The A.V. Club: So, love: Is it totally overrated, or what?
Aziz Ansari: I don’t think it’s overrated at all. Underrated, if anything. It’s amazing and beautiful and uniquely wonderful, but unfortunately, elusive and sadly ephemeral. Woody Allen says it best in Annie Hall: Love fades. At this point, there is a lot of research that backs this idea up.
This Sonja Lyubomirsky essay in The New York Times is well worth a read and discusses a lot of the fears I have about love and marriage that I’ve discussed in my recent stand-up. In summary, research shows when you first get married, you experience the intense longing, desire, and attraction described as “passionate love.” However, after an average of two years, this wears off because of our tendency to get habituated to positive experiences. Then couples enter what researchers call “companionate love,” which is a less impassioned form of love that is a blend of deep affection and connection. Basically, the research shows—love fades.
This makes sense to me even in relationships that aren’t as serious as marriage, though. I’ve seen it in myself, and in friends’ relationships. There are things in that piece that really make me think about relationships, findings like, “Surprise is apparently more satisfying than stability,” and we are “hard-wired to crave variety.” It all goes against the romantic notion of meeting someone and falling in love and being happy with them forever, which is all that’s been ingrained in our heads since we were young.
As a forewarning, this interview might be a bummer. All I’ve been doing recently is reading articles like this to help me develop my next set of material for my next tour that’s all about how frustrating all this shit can be. Please do not read further if you are into the idea of finding long-lasting love and happiness.
AVC: Doesn’t that article have a strong upside as well, though? It says trying new things helps relationships last, and that sticking with relationships after the infatuation wears off lets people enter new, closer phases of connection and satisfaction.
AA: Yes, the article does say that couples, if they stick it out, do find that initial bliss later in life, 18 to 20 years down the road, once the kids are gone. But the other part is way more terrifying, and stuck with me. Ideally, I’d love to get to a place like my parents, who in my eyes have hit this second phase as they’ve gotten older and got my brother and me out of the house. Their marriage was arranged, by the way.
AVC: Is that kind of research typical for how you develop your comedy? Does reading depressing articles that reinforce your concerns about love get you going as a writer?
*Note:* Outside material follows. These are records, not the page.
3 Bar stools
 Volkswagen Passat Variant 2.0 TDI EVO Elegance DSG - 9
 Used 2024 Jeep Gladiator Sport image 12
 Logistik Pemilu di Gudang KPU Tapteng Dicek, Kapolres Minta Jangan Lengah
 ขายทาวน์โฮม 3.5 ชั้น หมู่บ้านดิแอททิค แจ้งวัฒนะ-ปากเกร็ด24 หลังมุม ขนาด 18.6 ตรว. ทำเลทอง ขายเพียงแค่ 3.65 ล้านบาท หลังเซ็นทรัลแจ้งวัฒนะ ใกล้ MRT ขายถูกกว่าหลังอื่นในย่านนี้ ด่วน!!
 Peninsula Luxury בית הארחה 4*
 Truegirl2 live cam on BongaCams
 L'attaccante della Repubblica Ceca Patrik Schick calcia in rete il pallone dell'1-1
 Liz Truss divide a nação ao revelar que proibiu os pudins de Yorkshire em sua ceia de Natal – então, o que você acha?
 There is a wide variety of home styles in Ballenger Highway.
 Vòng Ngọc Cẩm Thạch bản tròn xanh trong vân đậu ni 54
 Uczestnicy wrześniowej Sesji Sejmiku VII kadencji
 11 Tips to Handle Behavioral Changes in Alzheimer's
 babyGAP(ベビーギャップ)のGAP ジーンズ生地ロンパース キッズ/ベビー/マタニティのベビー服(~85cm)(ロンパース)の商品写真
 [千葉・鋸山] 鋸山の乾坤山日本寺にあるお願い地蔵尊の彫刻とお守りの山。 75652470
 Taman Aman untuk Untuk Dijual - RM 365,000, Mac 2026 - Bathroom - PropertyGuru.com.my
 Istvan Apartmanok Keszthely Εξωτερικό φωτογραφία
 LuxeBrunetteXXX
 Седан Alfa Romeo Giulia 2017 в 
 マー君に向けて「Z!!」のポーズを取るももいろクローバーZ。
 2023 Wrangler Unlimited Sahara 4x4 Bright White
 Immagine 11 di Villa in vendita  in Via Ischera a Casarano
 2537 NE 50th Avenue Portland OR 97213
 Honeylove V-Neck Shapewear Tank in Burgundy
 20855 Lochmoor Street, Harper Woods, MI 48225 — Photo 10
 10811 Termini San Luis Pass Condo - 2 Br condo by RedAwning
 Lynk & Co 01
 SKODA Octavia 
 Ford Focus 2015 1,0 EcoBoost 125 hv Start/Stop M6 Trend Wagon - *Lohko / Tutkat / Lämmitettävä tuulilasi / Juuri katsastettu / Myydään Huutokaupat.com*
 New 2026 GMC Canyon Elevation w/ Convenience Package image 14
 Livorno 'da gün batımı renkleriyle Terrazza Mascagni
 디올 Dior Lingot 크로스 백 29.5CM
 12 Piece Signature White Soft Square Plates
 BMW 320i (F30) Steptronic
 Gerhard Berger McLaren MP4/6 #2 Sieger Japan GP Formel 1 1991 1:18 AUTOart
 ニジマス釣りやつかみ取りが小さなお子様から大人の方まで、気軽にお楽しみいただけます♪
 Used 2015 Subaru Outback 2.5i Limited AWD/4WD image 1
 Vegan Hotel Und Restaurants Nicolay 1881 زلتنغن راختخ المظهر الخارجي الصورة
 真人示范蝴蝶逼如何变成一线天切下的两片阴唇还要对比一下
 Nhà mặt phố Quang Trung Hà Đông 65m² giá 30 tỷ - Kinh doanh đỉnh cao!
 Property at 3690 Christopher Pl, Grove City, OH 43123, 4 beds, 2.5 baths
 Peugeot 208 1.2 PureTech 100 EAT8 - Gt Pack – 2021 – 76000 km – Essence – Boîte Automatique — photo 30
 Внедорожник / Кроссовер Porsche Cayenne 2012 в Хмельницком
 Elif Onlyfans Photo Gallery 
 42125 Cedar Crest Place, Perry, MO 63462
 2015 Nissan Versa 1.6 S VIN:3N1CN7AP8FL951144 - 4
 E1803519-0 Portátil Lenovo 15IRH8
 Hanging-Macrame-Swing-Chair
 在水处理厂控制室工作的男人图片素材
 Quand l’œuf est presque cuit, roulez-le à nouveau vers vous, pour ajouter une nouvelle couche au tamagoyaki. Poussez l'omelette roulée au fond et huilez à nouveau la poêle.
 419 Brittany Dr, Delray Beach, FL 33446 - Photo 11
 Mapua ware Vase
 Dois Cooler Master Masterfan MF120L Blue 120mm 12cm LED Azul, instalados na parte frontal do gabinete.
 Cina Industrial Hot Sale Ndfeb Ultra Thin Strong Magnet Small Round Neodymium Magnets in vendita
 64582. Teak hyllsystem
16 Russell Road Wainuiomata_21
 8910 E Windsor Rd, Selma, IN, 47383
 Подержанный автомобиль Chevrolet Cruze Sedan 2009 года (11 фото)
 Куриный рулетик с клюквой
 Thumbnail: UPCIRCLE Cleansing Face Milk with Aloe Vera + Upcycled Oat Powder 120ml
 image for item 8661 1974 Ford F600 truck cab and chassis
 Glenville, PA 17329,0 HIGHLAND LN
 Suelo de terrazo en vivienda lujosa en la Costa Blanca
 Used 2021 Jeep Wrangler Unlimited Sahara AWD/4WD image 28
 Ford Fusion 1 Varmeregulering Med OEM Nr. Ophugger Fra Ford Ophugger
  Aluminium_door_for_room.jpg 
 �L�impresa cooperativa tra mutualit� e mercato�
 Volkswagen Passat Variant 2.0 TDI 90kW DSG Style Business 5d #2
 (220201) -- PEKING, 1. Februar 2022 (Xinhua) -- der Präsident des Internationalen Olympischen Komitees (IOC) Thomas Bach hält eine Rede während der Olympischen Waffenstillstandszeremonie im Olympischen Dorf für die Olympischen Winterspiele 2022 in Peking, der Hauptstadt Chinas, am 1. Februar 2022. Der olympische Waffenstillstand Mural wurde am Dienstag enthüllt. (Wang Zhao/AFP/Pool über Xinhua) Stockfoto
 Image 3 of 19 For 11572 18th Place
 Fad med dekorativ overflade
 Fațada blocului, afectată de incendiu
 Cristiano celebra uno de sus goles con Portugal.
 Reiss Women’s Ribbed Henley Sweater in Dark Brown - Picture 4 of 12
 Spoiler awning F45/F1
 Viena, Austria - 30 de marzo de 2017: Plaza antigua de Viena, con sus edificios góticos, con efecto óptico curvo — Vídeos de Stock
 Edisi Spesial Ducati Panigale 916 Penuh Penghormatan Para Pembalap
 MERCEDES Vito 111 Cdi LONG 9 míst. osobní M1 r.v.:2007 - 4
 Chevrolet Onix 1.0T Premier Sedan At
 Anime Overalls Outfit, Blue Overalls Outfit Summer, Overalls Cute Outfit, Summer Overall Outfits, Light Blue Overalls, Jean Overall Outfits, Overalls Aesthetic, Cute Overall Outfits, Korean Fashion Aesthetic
AA: I never did “research” for Dangerously Delicious or Intimate Moments [For A Sensual Evening], my first two specials. Those shows were way different, more random bits about whatever—sheet thread counts, Craigslist, my chubby cousin, random stories, etc. There were no themes or big ideas.
With Buried Alive, my current tour, I started writing the show when friends started getting married and having babies. I had a friend who was really dumb, and him and his wife had a baby, and I was like, “What the fuck is going on? This idiot is a father now? What’s going on? I’m an adult now? I’m supposed to get married and have a kid? I’m not ready for that yet! AHHHHHH!” And from that place, I started writing about how scared I would be to have a baby, how terrifying the idea of marriage was, and how hard it is to find someone you really like. So I read a lot of articles about marriage, babies, online dating, etc. For example, I had a bit about arranged marriage, and I read all these studies they did about it to get some insight into it. I was surprised to learn that research showed arranged couples tended to be happier in the long run. That became a starting point for a bit.
Also, I started just talking to audience members and asking them questions about these topics—how they met their spouses, how long they knew each other before getting married. What I realized is, I was accidentally, in a very loose sense, doing research. It was super-helpful. I have no experience online dating, so I learned about it from interviewing audience members via crowd work. I learned about things like Grindr, and heard about a guy who met his wife by typing “Jewish” and his zip code into Match.com. Both those things turned into bits.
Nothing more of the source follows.